While I understand the overall sentiment, this article is very dangerous for two reasons:  One, it is a clear case of emotional reasoning.  Two, it doesn't take into account the reality of the world today.  While some of the ideas sounded pretty good, like inspecting public housing facilities and expecting residents to take care of them, much like military housing, the overall sentiment is overly harsh and just impractical in today's world.  For any real change to be made, some fundamental things about our society would have to change first.

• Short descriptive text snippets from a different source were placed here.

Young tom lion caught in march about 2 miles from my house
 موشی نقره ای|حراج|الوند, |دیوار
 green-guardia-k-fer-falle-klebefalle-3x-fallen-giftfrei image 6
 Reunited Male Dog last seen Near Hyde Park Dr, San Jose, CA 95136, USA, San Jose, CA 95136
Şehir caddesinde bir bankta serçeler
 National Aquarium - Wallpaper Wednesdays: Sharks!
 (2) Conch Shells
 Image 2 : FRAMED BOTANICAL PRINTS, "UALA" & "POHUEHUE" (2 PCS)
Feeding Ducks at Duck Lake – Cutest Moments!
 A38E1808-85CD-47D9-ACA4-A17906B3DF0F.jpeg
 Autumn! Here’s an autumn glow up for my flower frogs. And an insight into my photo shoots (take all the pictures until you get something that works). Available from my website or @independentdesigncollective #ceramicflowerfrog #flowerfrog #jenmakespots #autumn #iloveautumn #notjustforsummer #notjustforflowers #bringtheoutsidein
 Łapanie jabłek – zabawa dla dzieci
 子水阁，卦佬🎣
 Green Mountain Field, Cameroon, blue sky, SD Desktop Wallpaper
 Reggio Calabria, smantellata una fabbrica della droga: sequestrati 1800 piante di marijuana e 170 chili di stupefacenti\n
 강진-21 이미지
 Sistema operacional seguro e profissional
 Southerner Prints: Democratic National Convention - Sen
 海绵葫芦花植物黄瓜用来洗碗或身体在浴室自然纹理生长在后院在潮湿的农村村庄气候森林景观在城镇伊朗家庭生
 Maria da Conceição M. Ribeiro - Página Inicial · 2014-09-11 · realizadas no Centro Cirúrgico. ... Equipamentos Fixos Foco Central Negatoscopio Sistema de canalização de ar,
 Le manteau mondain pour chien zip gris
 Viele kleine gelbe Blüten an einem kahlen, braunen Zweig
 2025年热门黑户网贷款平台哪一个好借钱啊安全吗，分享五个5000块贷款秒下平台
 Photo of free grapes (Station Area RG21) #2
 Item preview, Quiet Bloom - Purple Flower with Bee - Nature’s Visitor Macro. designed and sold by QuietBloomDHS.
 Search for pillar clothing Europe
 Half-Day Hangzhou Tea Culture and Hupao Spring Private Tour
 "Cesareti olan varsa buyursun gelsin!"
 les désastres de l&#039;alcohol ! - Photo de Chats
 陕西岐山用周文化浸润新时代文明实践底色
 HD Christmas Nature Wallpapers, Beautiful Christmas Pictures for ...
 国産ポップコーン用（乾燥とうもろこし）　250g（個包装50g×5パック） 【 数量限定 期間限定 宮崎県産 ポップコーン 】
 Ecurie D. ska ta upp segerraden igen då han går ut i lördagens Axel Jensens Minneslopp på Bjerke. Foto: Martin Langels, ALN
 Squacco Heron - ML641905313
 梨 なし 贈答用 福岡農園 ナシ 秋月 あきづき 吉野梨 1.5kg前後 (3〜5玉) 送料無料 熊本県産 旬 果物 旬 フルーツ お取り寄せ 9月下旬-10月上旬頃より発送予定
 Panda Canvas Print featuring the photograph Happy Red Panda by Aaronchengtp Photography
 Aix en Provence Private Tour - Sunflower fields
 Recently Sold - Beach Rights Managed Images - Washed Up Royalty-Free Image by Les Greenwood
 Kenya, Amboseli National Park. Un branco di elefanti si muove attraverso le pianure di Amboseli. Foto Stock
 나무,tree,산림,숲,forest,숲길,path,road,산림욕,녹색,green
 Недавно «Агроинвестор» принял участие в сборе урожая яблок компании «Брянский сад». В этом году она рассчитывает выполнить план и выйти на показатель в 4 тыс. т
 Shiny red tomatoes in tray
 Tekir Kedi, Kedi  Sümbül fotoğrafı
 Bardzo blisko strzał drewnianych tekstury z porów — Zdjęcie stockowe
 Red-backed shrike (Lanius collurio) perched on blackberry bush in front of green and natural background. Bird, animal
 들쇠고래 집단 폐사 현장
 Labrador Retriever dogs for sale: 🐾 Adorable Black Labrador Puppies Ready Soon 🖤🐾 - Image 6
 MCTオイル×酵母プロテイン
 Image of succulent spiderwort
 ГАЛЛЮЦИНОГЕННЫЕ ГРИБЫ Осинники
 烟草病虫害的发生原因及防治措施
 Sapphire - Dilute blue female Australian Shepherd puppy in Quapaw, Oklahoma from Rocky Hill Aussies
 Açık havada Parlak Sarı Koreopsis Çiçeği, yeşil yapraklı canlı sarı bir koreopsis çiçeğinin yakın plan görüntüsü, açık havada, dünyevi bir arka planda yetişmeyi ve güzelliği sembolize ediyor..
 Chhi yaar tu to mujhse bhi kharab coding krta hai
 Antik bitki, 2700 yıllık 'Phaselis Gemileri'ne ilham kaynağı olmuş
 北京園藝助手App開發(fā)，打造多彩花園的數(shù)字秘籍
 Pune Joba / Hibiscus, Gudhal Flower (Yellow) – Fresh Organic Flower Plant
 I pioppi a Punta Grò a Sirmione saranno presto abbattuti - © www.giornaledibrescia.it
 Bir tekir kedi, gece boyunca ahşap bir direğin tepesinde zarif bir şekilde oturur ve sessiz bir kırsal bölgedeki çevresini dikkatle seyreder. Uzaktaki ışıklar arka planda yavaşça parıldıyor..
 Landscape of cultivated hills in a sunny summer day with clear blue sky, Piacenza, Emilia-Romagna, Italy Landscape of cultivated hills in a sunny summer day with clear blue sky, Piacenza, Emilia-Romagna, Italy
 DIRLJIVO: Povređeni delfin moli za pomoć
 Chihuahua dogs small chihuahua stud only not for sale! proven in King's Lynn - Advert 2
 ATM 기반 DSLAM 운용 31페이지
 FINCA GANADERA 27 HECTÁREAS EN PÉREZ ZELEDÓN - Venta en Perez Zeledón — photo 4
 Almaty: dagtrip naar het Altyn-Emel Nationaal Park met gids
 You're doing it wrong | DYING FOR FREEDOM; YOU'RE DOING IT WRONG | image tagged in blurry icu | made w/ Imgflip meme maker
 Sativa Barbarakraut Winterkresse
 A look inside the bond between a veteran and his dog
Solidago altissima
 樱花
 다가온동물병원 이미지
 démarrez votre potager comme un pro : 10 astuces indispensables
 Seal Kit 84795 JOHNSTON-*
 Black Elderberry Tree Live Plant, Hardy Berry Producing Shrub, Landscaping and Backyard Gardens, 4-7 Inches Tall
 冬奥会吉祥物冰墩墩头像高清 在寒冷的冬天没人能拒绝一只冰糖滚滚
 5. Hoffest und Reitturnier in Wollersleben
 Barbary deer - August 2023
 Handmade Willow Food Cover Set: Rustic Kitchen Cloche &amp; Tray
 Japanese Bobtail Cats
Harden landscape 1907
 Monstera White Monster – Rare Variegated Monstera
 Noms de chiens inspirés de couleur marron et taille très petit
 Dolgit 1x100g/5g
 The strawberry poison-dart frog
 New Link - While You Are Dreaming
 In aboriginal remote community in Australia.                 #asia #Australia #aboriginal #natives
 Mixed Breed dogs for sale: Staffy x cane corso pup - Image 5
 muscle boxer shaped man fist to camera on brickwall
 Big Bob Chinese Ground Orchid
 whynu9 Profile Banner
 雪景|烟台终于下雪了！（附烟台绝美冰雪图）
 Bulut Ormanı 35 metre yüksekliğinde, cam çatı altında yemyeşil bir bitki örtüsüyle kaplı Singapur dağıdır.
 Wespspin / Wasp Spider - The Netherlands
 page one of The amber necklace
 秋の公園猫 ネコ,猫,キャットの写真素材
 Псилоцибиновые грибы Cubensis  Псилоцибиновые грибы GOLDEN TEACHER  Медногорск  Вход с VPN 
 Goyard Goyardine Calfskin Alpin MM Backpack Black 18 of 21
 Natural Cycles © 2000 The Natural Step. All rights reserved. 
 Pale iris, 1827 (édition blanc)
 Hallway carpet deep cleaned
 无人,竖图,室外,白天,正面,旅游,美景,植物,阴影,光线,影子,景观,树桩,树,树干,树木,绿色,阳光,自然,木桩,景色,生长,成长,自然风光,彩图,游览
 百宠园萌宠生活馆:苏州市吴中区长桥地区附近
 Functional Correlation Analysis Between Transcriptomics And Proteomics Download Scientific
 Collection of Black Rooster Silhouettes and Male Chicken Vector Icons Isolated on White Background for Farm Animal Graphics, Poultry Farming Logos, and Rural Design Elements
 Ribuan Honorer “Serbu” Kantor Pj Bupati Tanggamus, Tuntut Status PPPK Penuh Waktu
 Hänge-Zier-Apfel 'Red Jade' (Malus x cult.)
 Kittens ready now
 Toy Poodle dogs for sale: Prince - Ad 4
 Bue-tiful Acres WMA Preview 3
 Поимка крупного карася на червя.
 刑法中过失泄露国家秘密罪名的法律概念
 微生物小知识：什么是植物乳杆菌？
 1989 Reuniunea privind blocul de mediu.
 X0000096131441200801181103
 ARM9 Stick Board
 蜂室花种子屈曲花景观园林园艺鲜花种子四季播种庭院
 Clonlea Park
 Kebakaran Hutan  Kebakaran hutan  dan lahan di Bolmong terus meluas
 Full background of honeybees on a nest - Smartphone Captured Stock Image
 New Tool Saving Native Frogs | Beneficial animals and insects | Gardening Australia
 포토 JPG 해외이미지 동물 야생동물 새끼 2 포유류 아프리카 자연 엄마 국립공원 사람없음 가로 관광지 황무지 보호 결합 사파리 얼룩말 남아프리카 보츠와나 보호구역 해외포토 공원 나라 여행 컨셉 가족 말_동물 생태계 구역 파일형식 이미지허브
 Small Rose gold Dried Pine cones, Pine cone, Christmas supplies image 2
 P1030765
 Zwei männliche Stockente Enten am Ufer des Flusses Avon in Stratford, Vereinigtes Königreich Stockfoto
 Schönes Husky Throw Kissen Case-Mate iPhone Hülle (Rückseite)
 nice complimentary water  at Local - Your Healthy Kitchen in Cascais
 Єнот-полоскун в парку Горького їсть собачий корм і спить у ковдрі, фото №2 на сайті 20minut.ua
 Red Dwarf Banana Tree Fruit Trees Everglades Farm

Periodically, I see people posting on Facebook about drug-testing food stamp recipients.  This seems to be a fairly popular idea.  In fact, Florida recently implemented such a policy.  But the state of Michigan already researched drug-testing of welfare recipients in Detroit.  The results contradicted many people's prejudices.  Only 3% of the food stamp recipients tested positive, and that was for marijuana.  None of the food stamp recipients tested positive for cocaine or heroin or any other drugs.  Hmm, could it be they didn't have the money to buy drugs?  Could it be that some drug addicts, especially those on cocaine or methamphetamine or opiates, don't care about eating, and therefore don't bother to apply for food stamps?  To me, this type of knee-jerk conservatism ironically smacks of liberal prodigality.  Drug testing costs lots of money and would only catch a few minor offenders and possibly harm children or families.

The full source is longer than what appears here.